I found myself heavily pondering over this reality, we live in a world where we must ask our kids if they know their rights. Why would a child need to know their rights when they should be revising for exams, playing outside and exploring their identities? Why are our children being exposed to this violence and shame? It makes you think whether the police have any decorum and decency, if you’re able to go up to children and assault them, you shouldn’t be allowed to protect us.
So far, this research has exemplified time and time again that we are not safe. Men and women, specifically people of colour are in grave danger in the UK. Why must Black and Brown children be desensitised to violence which includes stop and search? Why must our children have to witness this? When their best friend Poppy and Alice at school probably haven’t even heard of a stop and search?

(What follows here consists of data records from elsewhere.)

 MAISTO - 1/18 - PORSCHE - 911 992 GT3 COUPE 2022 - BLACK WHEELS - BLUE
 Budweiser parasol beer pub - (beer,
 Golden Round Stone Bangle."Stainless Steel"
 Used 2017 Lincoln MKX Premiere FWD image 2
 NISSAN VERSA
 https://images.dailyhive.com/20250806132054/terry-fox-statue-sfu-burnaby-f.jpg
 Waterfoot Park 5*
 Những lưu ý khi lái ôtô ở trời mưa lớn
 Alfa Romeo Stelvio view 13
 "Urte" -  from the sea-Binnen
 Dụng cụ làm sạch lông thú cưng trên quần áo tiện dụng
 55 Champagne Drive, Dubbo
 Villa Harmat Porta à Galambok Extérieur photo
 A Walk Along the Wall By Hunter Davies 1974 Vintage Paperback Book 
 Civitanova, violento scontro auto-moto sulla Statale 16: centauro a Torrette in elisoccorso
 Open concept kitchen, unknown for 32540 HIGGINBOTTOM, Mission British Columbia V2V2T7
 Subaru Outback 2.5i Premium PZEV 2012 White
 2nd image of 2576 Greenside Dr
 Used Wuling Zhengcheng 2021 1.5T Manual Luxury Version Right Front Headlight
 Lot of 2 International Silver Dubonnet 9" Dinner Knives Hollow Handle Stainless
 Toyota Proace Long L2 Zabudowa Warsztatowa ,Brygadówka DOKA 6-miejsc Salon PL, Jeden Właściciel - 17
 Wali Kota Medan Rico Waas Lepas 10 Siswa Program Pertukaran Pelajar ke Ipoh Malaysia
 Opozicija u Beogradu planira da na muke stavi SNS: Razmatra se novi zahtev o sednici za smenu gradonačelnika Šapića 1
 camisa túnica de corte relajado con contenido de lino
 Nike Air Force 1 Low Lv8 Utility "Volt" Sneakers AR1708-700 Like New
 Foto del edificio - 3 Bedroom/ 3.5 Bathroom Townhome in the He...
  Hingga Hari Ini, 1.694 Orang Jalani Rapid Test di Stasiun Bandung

Our children have been criminalised from the time they have been given the independence to go and play out by themselves. Yet the police ask, why do we not trust them? How can we trust an organisation who repeatedly target Black and Brown people? How can we trust you when we are deemed a threat, sexualised, belittled, ridiculed, for doing nothing but breathing?
After being in this process, I personally already fear for my kids’ lives and I have no kids. I am 23 years old but these are the anxieties that creep up on me daily, that I could be walking home from university or work and I could be stopped solely due to the colour of my skin.
My personal hope for this research is for the world to realise what the police have done to our kids, our women, our people. They have continued to damage our community with no remorse. We have stats, we have testimonies, enough is enough, these women and girl’s heart-breaking stories need to be heard and I won’t stop till they are.